戸田建設株式会社と日本ヒューム株式会社が共同で開発したシステムで、雨水を地下に一時的に貯留するとともに、その一部を地盤へ浸透させる(=地下水の涵養)機能を備えた施設である。

従来法(プレキャストコンクリート工法)は、雨水を一時的に蓄える機能に優れている一方で、貯留された雨水を最終的に河川へ放流するため、地下水の涵養や再利用といった観点で課題があった。
本システムは、これらの課題の解決と同時に施設のコンパクト化を実現している。


■地下式雨水浸透貯留システムの構造と仕組み

逆流防止弁付きの「有孔中空円管(PHC杭等)」で側壁や柱を構成し、その内部に雨水を貯留しながら、周辺地盤への自然浸透を促す。
中空円管内部に貯留した雨水は、地上部(植栽・舗装等)への散水用途としても利用できるようになっており、これらの浸透・利水機能は、加負圧ポンプと配管設備によって強化が図られている。

■地下式雨水浸透貯留システムの特長
雨水浸透貯留施設の施設規模を10,000㎥と仮定した場合の効果は次のとおりである。

1. 環境面の効果
・貯留水の約10%に相当する1,000m³を地盤へ浸透させるため、地下水資源の確保や、河川の水位維持などに資する。
・柱構造内に貯留した雨水の地上利用により、都市景観の維持やヒートアイランド現象の対策にも貢献できる。

2. 施設規模の縮小化
 有孔中空円管内で雨水を貯留・地盤へ浸透が可能であるため、従来比の約21%の縮小が実現する。

3. 建設コストの削減
 施工時に中空円管を仮設土留め材として兼用するため、仮設工事費の削減ができる。
(従来法と比べ、約18%削減。施設規模を21%縮小した場合には、最大約40%の工事費削減が見込まれる。

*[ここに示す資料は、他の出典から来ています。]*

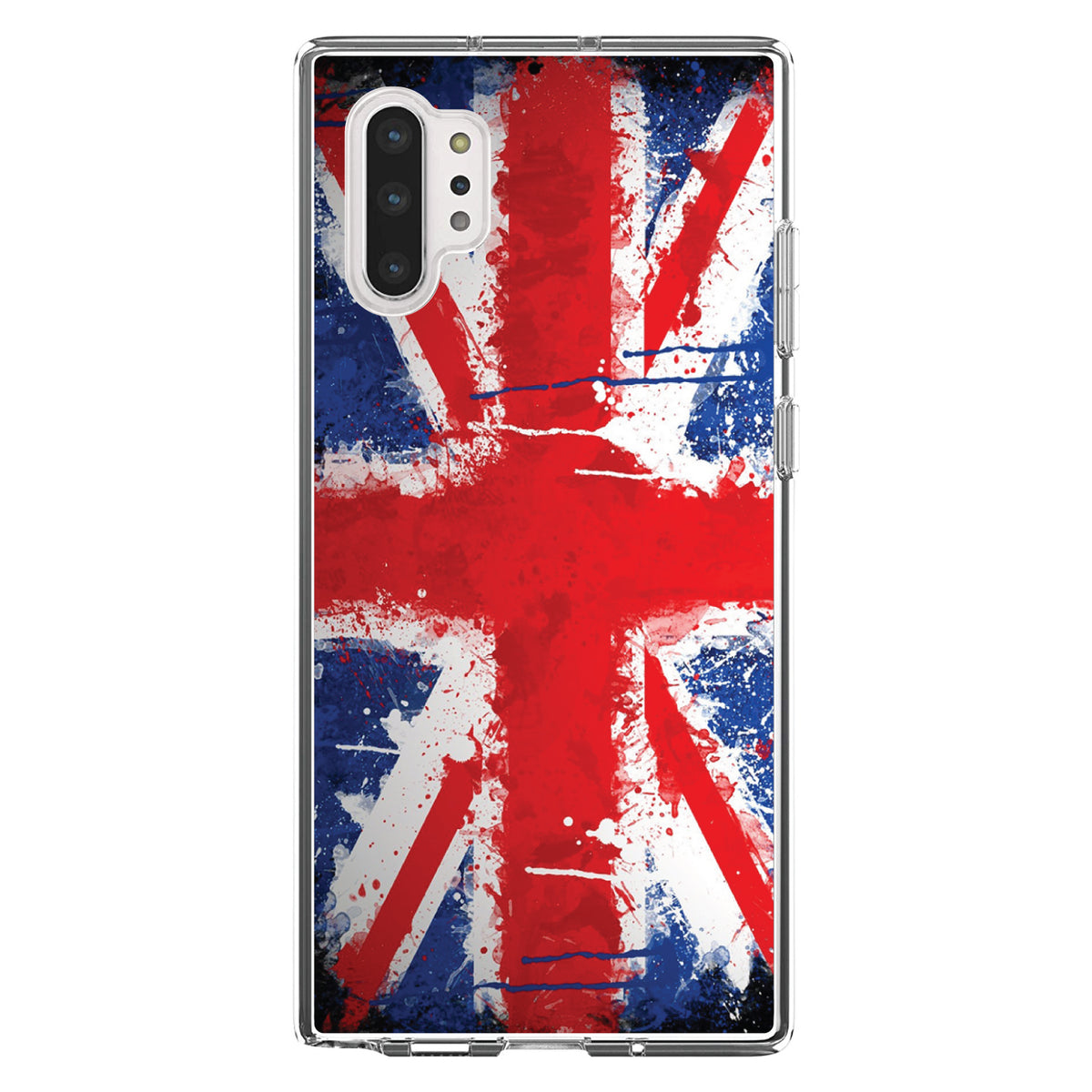 Red White Blue British Flag Graffiti Clear Shockproof iPhone Case, view 10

)

4. 工期の短縮
 仮設兼用による施工の効率化により、同規模施設における従来工法と比較して工期を約25%短縮できる。
(施設規模を21%縮小した場合には、最大約40%の工期短縮が可能となる。)


地下式雨水浸透貯留システムは、環境保全・経済性・施工性の3点を高水準で両立した革新的技術である。都市における、水循環の健全化と持続可能なまちづくりを支える基盤技術としての役割が期待される。